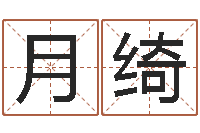 赵月绮姓名学教科书-婴儿嘴唇起白皮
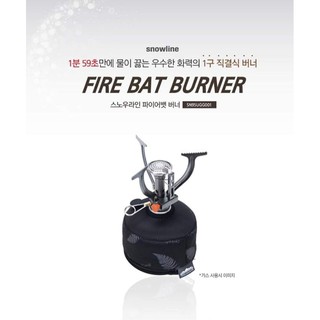 Snowline Fire Bat Burner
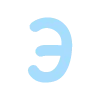 Стикер 30 pastel font
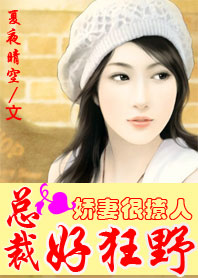 �ܲúÿ�Ұ:���޺����˷���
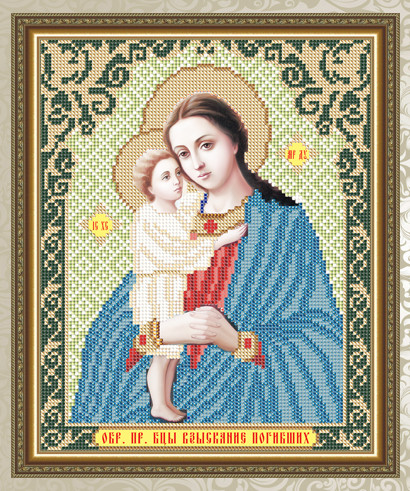 Схема для вишивання бісером на габардині Богородиця Блискавка мертвих VIA4234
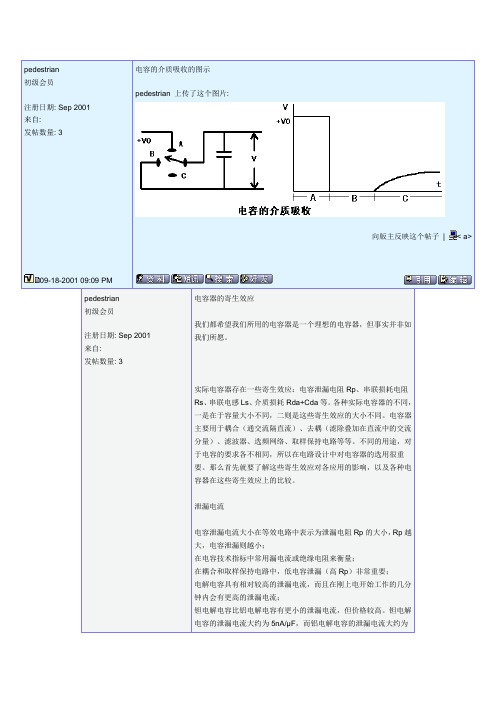 电容器的寄生效应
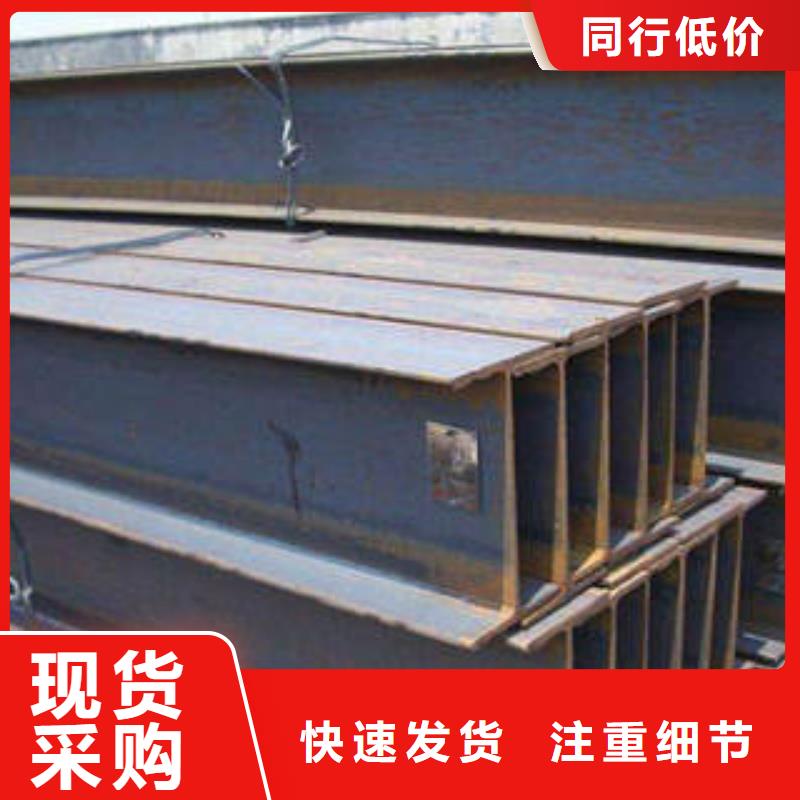 咨询【金宏通】Q235BH型钢质量可靠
= = =
Transcribe all the lines above exactly; any image among them is skipped.

 赵月绮姓名学教科书-婴儿嘴唇起白皮
 Snowline Fire Bat Burner
 Стикер 30 pastel font
 �ܲúÿ�Ұ:���޺����˷���
 Схема для вишивання бісером на габардині Богородиця Блискавка мертвих VIA4234
 电容器的寄生效应
 咨询【金宏通】Q235BH型钢质量可靠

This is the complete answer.